TRIBUNNEWS.COM, JAKARTA - Komisi Pemberantasan Korupsi (KPK) masih mendalami fakta-fakta persidangan mengenai dugaan keterlibatan Chairman Agung Sedayu, Sugianto Kusuma alias Aguan, kepada DPRD DKI Jakarta.
Aguan disebut sepakat menggelontorkan Rp 50 miliar kepada DPRD DKI untuk pembahasan Raperda Rancangan Tata Ruang Kawasan Strategis Pantai Utara Jakarta (RTRKSP).
"Fakta persidangan masih didalami lagi oleh KPK. Tumpukan kasus tidak bisa langsung," kata Pelaksana Harian Kepala Biro Humas KPK, Yuyuk Andriati Iskak di kantornya, Jakarta, Kamis (18/8/2016).
Yuyuk mengaku pihaknya membutuhkan waktu untuk menelaah dan memproses fakta-fakta tersebut guna menentukan langkah terhadap Aguan.

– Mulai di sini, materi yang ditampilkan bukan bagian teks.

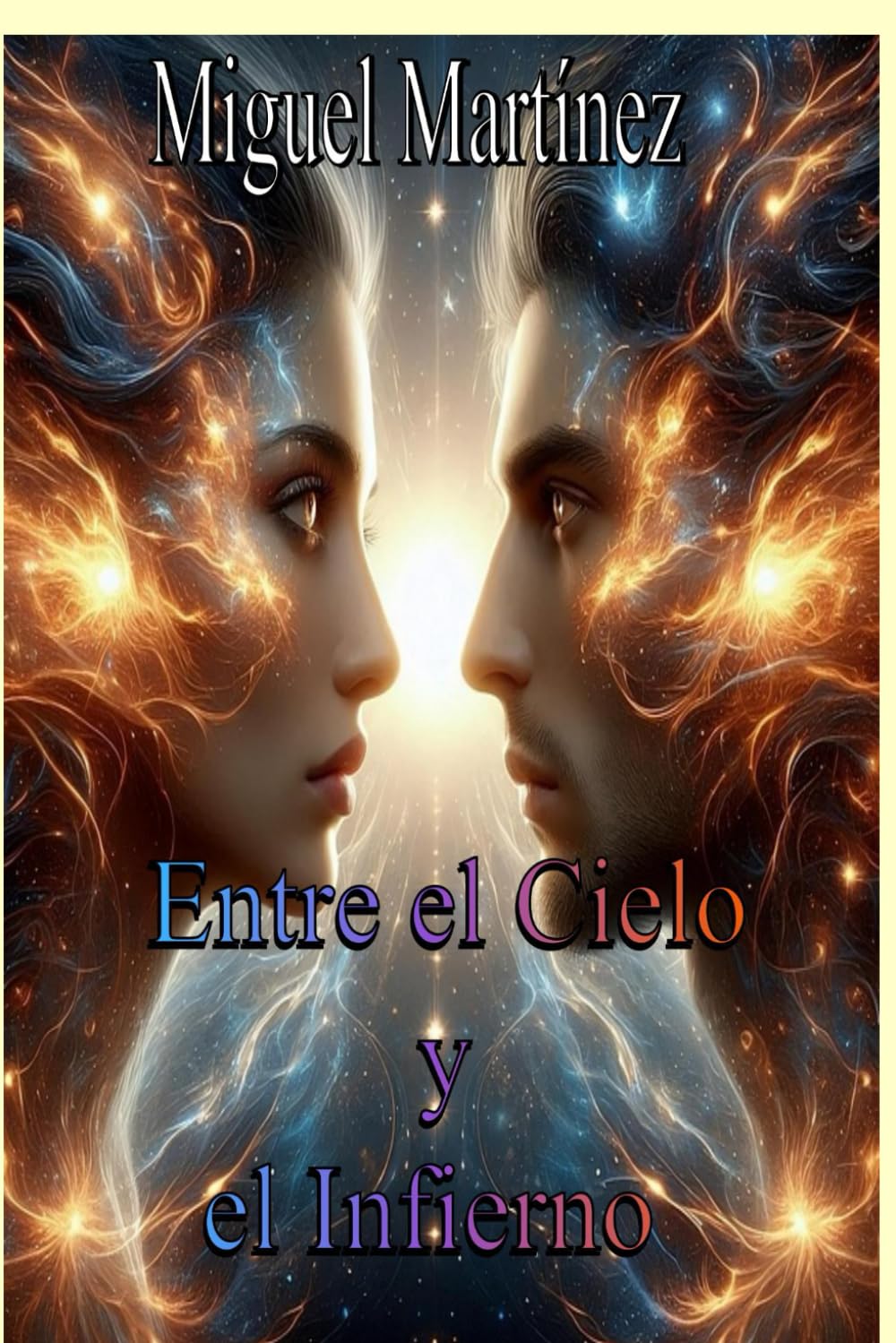 Entre el cielo y el infierno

"Kami butuh waktu saja untuk mendalami kasus-kasus dari fakta-fakta persidangan itu," kata dia.
Wakil Ketua KPK La Ode Muhamad Syarif sebelumnya menegaskan semua fakta persidangan tersebut akan dikembangkan.
"Belum bisa kami kemukakan di media. Tapi semua yang terjadi di pengadilan itu jadi informasi baru yang dipakai untuk pengembangan kasusnya," kata dia.
Uang Rp 50 miliar tersebut diketahui berdasarkan Berita Acara Pemeriksaan (BAP) Direktur Utama PT Kapuk Naga Indah, Budi Nurwono. Budi membeberkan adanya kesepakatan antara Aguan dengan beberapa anggota DPRD DKI Jakarta.
Aguan dan DPRD menyepakati angka Rp 50 miliar sebagai fee untuk percepatan pembahasan dan pengesahan Raperda tentang Rencana Tata Ruang Kawasan Strategis Pantai Utara Jakarta (RTRKSP).
Menurut Budi, dalam pertemuan tersebut hadir pula Ketua DPRD DKI, Prasetyo Edi Marsudi, Wakil Ketua DPRD DKI, M Taufik dan mantan Ketua Komisi D DPRD DKI, Mohamad Sanusi.
Akan tetapi, Budi kemudian mencabut keterangan dalam BAP tersebut dengan mengirimkan surat kepada penyidik KPK.
Budi sendiri tiga kali mangkir saat akan dihadirkan dalam sidang Ariesman dan Trinanda. Budi kini dirawat di Singapura.
Terkait pencabutan BAP tersebut, Jaksa Penuntut Umum pada KPK menilainya tidak sah karena tidak dibenarkan oleh hukum.
"Kami penuntut umum berpendapat pencabutan BAP tidak dapat diterima. Pencabutan BAP tidak beralasan menurut hukum," kata JPU KPK, Asri Irawan dalam persidangan Ariesman dan Trinanda di Pengadilan Tipikor Jakarta, Rabu 10 Agustus 2016.